Amy’s mother, who married Steely Dan’s Donald Fagen in 1993, also helped her discover “real writers” that included Laura Nyro, Dolly Parton and Joni Mitchell. “You know, a lot of women that were really adept at writing and creating and arranging their stuff,” Helm explains. “And that was something to strive for. It was a different level of performance when you listen to that stuff and realize that they’ve done the arrangements of it.”
Meanwhile, Levon Helm moved on from the original Band and the Last Waltz. In his 1993 autobiography This Wheel’s on Fire written with Stephen Davis, he called that momentous event “the biggest fuckin’ rip-off that ever happened” to the group, also alleging that Robertson took financial advantage of his ex-Bandmates.
That thought seemingly never crossed his mind during an interview for the film with Scorsese, who asked the affable drummer what he called the blend of country, blues and bluegrass that permeated his neck of the woods as an Arkansas farm boy.
His straightforward answer came with a wide grin: “Rock ’n’ roll.” And he was there for the birth of it.

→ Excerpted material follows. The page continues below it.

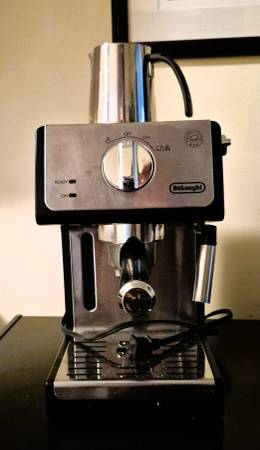 New De Longhi Espresso Machine 1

Though the bitterness remained, Levon’s attention soon shifted to solo and collaborative projects and a few Band reunions (without Robertson). Along with a productive career as a natural-born actor (catch his buddy-buddy repartee with Sam Shepard as Chuck Yeager in 1983’s The Right Stuff), he became host/bandleader of his own Midnight Rambles (named after a traveling tent show Levon saw in his youth) that began in 2004.
The smiles from a man who appeared to be in a constant state of joy onstage also returned in the late ‘90s, when he talked 18-year-old Amy into joining him on the road as lead vocalist for his Barn Burners Blues Band.